I'm in no way a bridgeport fan, but I think thats just swank!


----------



## brasssmanget (Feb 28, 2014)

Wow - they really do exist! I don't think I have ever seen a brand new one.:thinking:


----------



## kd4gij (Feb 28, 2014)

If I where you I would send it back.












The head is on upside down:roflmao:


----------



## epanzella (Feb 28, 2014)

New bridgeports are like baby pigeons. You know they must exist but you never get to see one.


----------



## dsh1001 (Mar 1, 2014)

architard said:


> That's a very nice looking shop. What do you make there?



This is the shop at the Business and Technology Campus of Metropolitan Community College of Kansas City Missouri. The primary product we produce is broken cutting tools. 

- - - Updated - - -



kd4gij said:


> If I where you I would send it back. The head is on upside down
> 
> I managed to fix that, but those handles sure do pinch the fingers... especially in power feed.
> 
> ...


----------



## calstar (Mar 1, 2014)

dsh1001 said:


> This is the shop at the Business and Technology Campus of Metropolitan Community College of Kansas City Missouri.


 
I'm happy to see some community college's machine shop/courses are still up and running(and expanding as evidenced here). Way to often shops of all types are being eliminated(as is the case with our local one) not only in CCs but high school as well.:nuts:It would be interesting to see a list of CCs still offering machine tech programs on a state or regional basis.
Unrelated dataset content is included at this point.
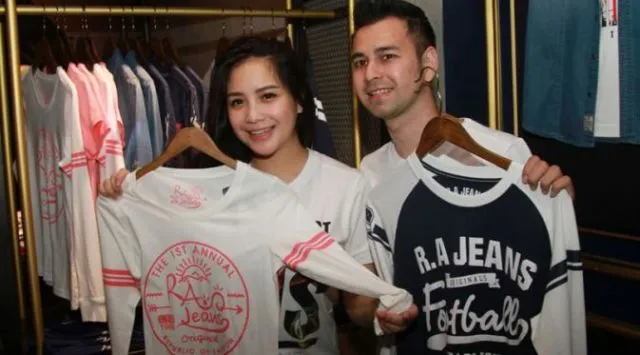 5 Artis Ternama yang Punya Bisnis Berskala Besar. Mereka Sadar Nggak Selamanya Bisa Jadi Selebritis 10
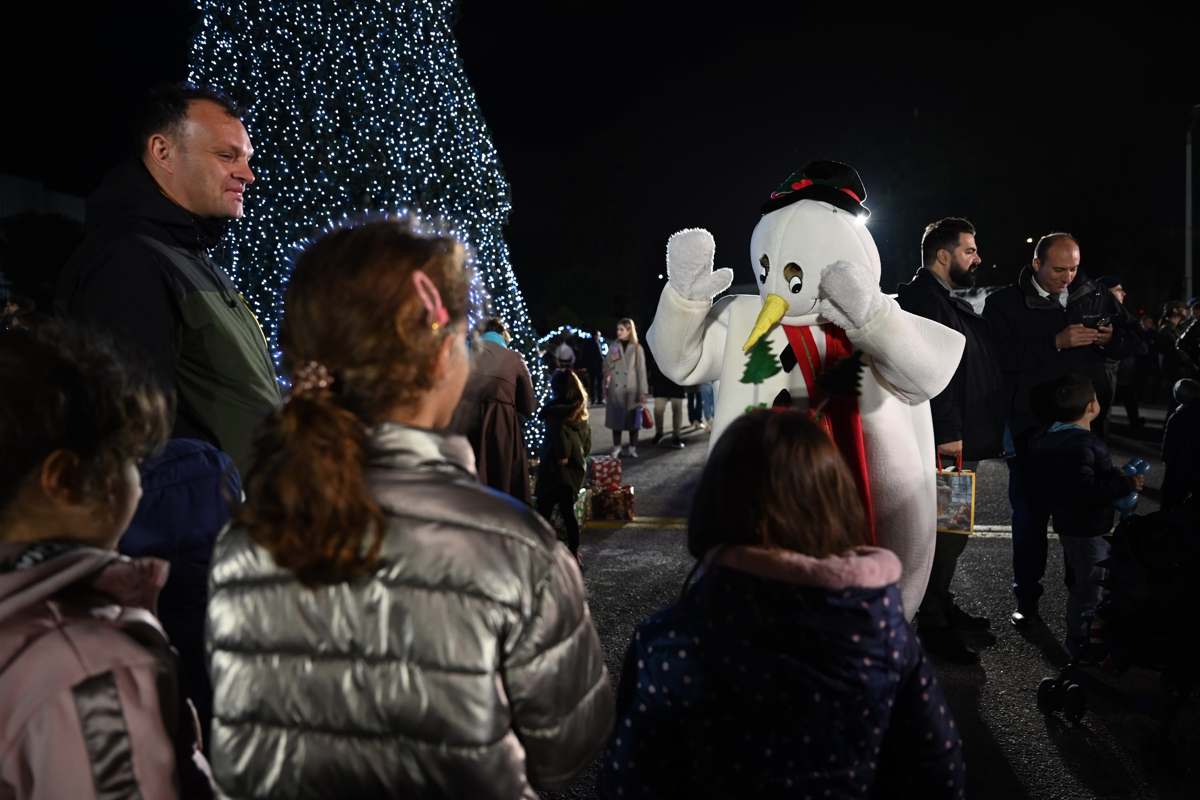 Παρουσία του Νίκου Δένδια έγινε η φωταγώγηση του χριστουγεννιάτικου δέντρου του Υπουργείου Εθνικής Άμυνας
thanks for posting, nice looking BP.

Brian


----------



## toag (Mar 1, 2014)

dsh1001 said:


> This is the shop at the Business and Technology Campus of Metropolitan Community College of Kansas City Missouri. The primary product we produce is broken cutting tools.
> 
> - - - Updated - - -
> 
> ...


----------



## itsme_Bernie (Mar 1, 2014)

DROOL.  I didn't even know they were still being made new!  Wow!



Bernie


----------



## m.batz2 (Mar 1, 2014)

That's a nice looking Bridgeport.  As far as Community Colleges having trades classes, Kirkwood Community College in Cedar Rapids, IA has an excellent machine shop and program, everything from manual machines to laser, EDM wire, water jet and press brakes.


----------



## jtwade (Mar 2, 2014)

You are a very lucky guy. I have heard that new Bridgeports were still being made, but have never seen one in person in a shop, much less a community college. Like others have said it seems that most schools are shutting down machinery courses, if they haven't already done so.


----------



## chuckorlando (Mar 2, 2014)

Them new ones are a joy to work on for sure. Our first lesson the first day of class was cleaning and tramming in the 4 new sharp BP clones. Just so smooth next to the old ones. We also got a new big haus and new real big haus. But we dont have way oil:nuts:


----------



## dsh1001 (Mar 2, 2014)

jtwade said:


> You are a very lucky guy. I have heard that new Bridgeports were still being made, but have never seen one in person in a shop, much less a community college. Like others have said it seems that most schools are shutting down machinery courses, if they haven't already done so.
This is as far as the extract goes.